Any idea why this is happening? There were no previous calls to clCreateProgramWithBinary();

Videocard: GTX 280; driver version: 260.99

  • videocard is GTX 480 :slight_smile:


I don’t know what kind of calls you have before the clBuildProgram, but here follows an example of how I use to compile my OpenCL codes:

clGetDeviceIDs(cpPlatform, CL_DEVICE_TYPE_GPU, 1, &cdDevice, NULL);
clCreateContext(0, 1, &cdDevice, NULL, NULL, &ciErrNum);
clCreateCommandQueue(cxGPUContext, cdDevice, 0, &ciErrNum);
shrFindFilePath(cSourceFile, file_path);
oclLoadProgSource(cPathAndName, "", &szKernelLength);
clCreateProgramWithSource(cxGPUContext, 1, (const char **)&cSourceCL, &szKernelLength, &ciErrNum);
clBuildProgram(cpProgram, 0, NULL, NULL, NULL, NULL);

Check the calls before your clCreateProgramWithSource, they might give you a clue.

I hope it helps.

There is a build log, which says:

ptxas fatal : Memory allocation failure
error : Ptx compilation failed: gpu=‘sm_20’, device code=‘cuModuleLoadDataEx_4’
: Considering profile ‘compute_20’ for gpu=‘sm_20’ in ‘cuModuleLoadDataEx_4’
: Retrieving binary for ‘cuModuleLoadDataEx_4’, for gpu=‘sm_20’, usage mode=’ ’
: Considering profile ‘compute_20’ for gpu=‘sm_20’ in ‘cuModuleLoadDataEx_4’
: Control flags for ‘cuModuleLoadDataEx_4’ disable search path
: Ptx binary found for ‘cuModuleLoadDataEx_4’, architecture=‘compute_20’
: Ptx compilation for ‘cuModuleLoadDataEx_4’, for gpu=‘sm_20’, ocg options=’ ’
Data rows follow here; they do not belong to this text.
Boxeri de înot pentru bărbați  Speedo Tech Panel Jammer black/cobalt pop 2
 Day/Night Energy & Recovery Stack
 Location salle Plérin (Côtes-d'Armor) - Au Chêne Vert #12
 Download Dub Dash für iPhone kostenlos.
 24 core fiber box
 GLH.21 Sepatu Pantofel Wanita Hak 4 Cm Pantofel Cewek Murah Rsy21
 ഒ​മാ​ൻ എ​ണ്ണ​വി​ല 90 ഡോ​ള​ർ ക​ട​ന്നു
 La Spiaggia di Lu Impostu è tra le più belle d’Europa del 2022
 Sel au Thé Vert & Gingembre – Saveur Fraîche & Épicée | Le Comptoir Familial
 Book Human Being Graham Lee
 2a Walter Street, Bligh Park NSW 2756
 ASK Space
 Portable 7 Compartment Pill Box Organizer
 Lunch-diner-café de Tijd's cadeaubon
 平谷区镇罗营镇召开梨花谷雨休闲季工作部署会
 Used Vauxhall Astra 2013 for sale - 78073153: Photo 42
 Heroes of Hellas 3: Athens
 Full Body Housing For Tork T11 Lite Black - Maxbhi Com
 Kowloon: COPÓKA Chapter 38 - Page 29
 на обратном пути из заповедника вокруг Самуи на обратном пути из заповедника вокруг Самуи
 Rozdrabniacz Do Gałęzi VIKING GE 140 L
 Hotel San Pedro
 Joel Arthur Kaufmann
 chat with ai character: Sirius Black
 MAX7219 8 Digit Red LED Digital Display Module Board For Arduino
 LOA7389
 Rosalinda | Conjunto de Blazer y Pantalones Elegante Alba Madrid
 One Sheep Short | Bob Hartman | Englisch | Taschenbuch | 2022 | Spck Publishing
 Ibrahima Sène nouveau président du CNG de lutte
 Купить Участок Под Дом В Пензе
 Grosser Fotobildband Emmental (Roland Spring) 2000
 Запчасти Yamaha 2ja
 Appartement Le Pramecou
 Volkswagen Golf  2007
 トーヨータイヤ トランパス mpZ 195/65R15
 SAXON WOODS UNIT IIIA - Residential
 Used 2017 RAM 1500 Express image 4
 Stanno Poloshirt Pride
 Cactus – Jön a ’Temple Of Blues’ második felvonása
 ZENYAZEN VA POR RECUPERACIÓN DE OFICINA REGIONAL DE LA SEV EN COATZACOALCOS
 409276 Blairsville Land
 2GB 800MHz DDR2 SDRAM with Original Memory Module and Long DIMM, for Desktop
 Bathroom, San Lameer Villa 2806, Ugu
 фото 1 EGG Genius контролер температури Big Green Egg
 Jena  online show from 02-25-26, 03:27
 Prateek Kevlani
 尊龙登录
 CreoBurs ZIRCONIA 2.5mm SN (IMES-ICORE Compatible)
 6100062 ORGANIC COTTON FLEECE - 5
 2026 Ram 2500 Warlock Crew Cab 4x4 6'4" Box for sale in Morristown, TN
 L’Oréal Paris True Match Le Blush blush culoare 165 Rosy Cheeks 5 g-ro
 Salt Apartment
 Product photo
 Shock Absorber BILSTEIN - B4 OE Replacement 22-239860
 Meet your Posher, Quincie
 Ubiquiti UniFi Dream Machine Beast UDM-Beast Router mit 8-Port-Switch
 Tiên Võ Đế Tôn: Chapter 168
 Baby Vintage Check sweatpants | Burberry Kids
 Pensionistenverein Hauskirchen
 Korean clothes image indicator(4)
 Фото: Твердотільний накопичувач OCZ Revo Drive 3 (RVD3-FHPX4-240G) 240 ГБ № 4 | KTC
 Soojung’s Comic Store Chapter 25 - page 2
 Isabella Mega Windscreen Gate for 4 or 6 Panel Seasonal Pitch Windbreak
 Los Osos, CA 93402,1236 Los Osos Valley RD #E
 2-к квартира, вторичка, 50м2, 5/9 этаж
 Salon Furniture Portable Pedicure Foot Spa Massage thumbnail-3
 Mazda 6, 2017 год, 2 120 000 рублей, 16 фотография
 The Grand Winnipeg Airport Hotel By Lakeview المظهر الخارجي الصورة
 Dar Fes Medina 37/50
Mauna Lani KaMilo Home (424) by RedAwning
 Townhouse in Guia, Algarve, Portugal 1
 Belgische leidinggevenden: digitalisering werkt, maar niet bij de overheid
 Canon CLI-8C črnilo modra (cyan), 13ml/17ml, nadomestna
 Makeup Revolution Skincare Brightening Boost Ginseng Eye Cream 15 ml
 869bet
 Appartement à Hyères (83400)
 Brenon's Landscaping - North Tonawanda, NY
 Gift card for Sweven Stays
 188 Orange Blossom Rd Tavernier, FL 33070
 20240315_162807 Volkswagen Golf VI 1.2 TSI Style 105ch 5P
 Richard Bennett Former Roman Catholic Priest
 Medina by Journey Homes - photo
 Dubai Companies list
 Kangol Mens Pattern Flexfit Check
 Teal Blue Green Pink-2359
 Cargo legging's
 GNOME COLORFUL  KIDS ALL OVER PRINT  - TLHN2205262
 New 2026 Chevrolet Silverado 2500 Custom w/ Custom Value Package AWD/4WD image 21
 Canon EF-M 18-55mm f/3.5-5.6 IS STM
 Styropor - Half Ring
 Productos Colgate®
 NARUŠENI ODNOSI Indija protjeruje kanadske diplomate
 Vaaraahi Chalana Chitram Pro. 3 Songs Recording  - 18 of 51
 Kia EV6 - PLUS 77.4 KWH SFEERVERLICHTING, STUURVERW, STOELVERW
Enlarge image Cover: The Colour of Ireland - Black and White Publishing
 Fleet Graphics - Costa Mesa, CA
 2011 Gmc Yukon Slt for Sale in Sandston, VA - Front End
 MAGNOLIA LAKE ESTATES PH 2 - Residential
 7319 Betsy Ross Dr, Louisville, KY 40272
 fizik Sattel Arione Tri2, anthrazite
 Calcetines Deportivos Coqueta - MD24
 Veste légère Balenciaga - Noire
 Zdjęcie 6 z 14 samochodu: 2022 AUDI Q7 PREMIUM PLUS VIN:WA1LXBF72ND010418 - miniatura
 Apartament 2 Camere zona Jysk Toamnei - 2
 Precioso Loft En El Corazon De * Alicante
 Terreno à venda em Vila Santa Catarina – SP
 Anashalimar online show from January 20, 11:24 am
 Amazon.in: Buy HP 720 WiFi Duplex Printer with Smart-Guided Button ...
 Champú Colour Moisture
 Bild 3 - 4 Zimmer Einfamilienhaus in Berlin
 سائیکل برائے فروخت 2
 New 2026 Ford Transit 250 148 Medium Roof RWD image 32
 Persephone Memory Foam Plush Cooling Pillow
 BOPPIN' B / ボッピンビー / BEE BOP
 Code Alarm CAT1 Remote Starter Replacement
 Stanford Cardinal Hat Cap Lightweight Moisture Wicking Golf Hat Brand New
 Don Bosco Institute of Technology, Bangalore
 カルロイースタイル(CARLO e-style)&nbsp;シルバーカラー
Are you reading your .cl file and loading the prog source correctly?

BTW This PTXAS is a TRU memory-eating pig, eats nearly 1.5 gigabytes of RAM? Geez
Well, what do you mean by “correctly”, standard file reading operations. And yep, the file is big, 5000+ lines

Sorry for pointing out the obvious: it looks like the compiler is running out of memory. Can you split your program into several parts?

In the kernel I call inside a loop several different tree traversals + several large sub-kernels.
I have tried using

#pragma unroll 1

before the main loop, but I still get the same error.
I have had problems with large,large loop unrolling before, so if there is a way to prevent this, I would be very glad to know it. The loop limit is not a constant, it is a formal parameter to the kernel. Also the kernel has 60+ parameters. This is still not exceeding the GF2xx limit of 256 bytes per formal parameters.

So the only thing suggested is to extract the main loop and play it on the host side. Won’t inlining by hand (for example tree traversal code) reduce the compiler’s struggle to inline all?